A board committee adopted a resolution yesterday that outlines how the state will comply with the federal No Child Left Behind Act -- including how the state will use test scores from now on.
Under its guidelines, which are expected to be approved by the full board today, student test scores would be tracked individually, each year. Under the so-called "value-added" system of scoring, parents will be able to tell how much their child's score increased or decreased over the previous year's score.
In other words, a child's scores will be measured by his or her own previous scores, not some average school or district score.
The state's No Child Left Behind Committee also had to devise a plan for testing all children in every grade, every year. All schools already are required to administer the Pennsylvania System of School Assessment tests, which will be given in grades 3, 5, 8 and 11 in the spring.

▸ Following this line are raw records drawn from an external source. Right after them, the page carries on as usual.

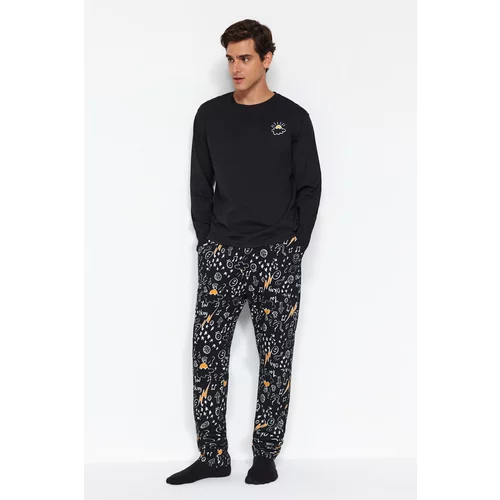 Trendyol Men's Black Regular Fit Embroidered Knitted Pajamas Set.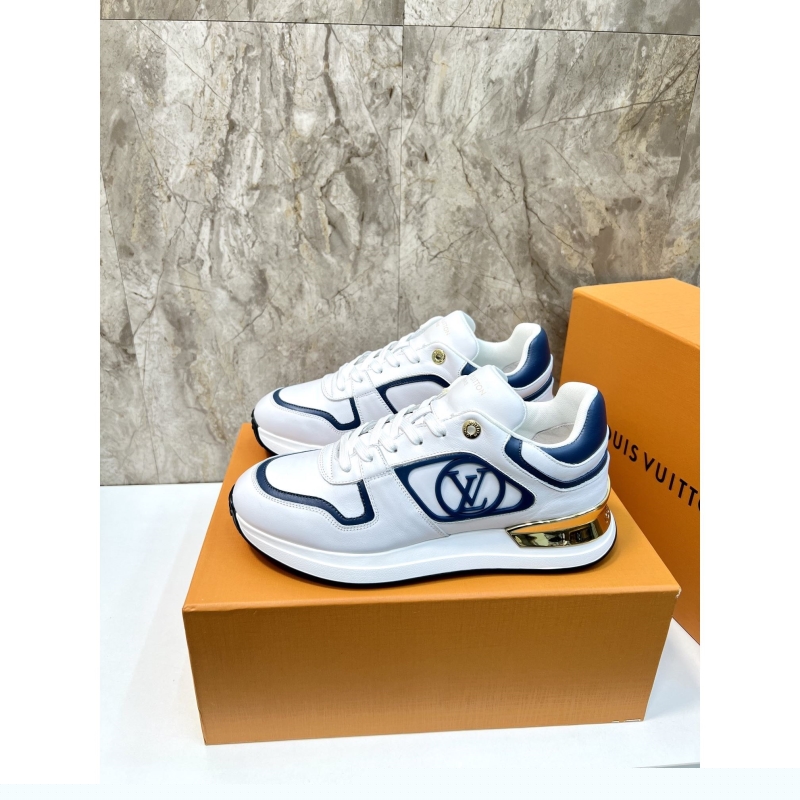 l**is V*t*n sneakers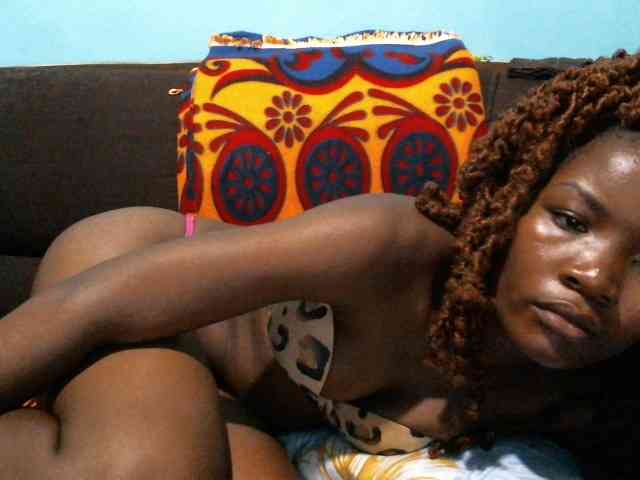 rakisha1 webcam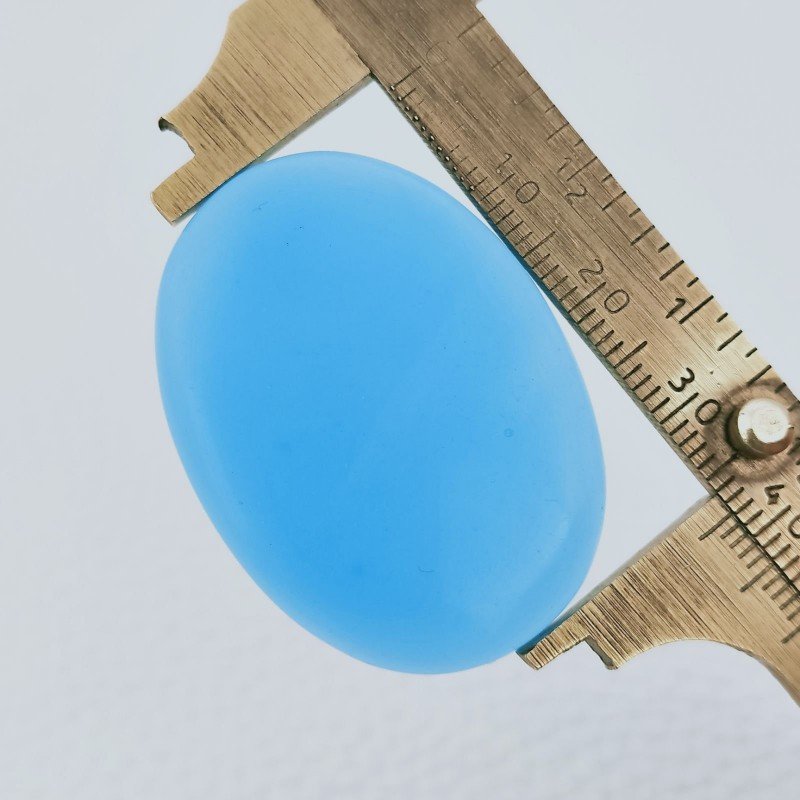 Calcedonio Turchese Idrotermale Forma Ovale Cabochon Fatto A Mano 38X28X4mm 42,75 Carati 1pz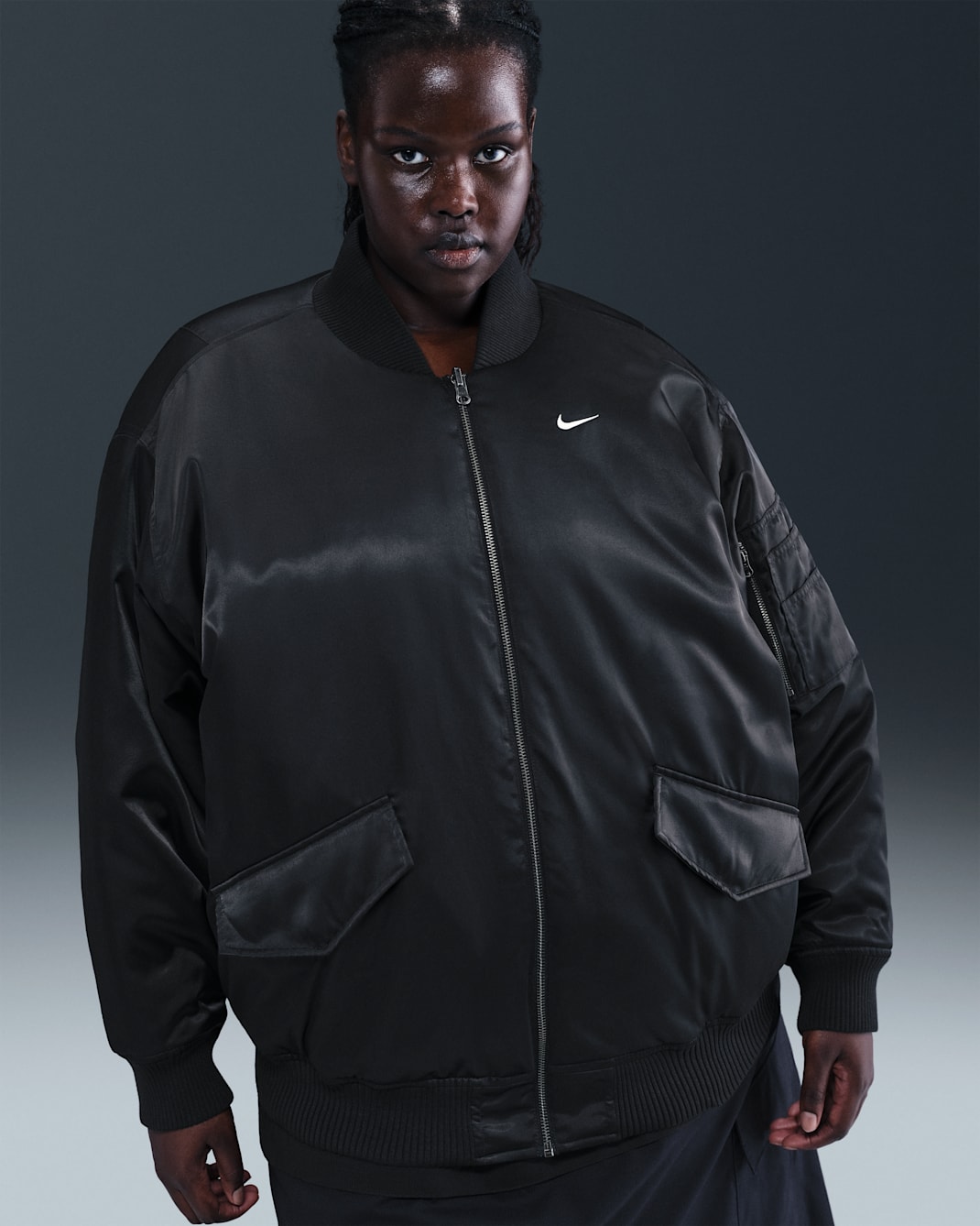 Chamarra bomber Therma-FIT reversible para mujer (talla grande) Nike Sportswear - Negro/Ceniza medio/Vela/Vela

The federal government now wants children tested yearly, and many states don't do that.
Critics of the federal law have been concerned that state education departments would impose new statewide tests on local school districts, but in Pennsylvania, that apparently won't happen.
Fran Warkomski, who headed the state's No Child Left Behind Committee, said districts should be allowed to use tests of their own choice. In many Pennsylvania schools, those tests include standardized national tests.
The cornerstone of the federal act is the requirement that all children score in the "proficient" range on math and reading tests, no matter which tests they use, by 2014. School districts must show "adequate yearly progress" or risk being put on the feds' failing school list.
Each state can come up with its own definition of "adequate prog-ress." Warkomski, who also is the director of the state Bureau of Special Education, said that in Pennsylvania, schools must show about a 4 percent increase or better each year in math and reading scores. In addition, progress will be measured by improvements in graduation rates.
Warkomski said the committee met with parents, teachers, union representatives, administrators, business people and community members before coming up with the recommendations.
However, the Pennsylvania State Education Association will challenge the proposal at today's meeting, according to PSEA president Patsy Tallarico.
The teachers union has been critical of the state's "proficiency" level on PSSA tests, saying it has been set unrealistically high to trigger state takeover of failing schools, Tallarico said in a press release yesterday.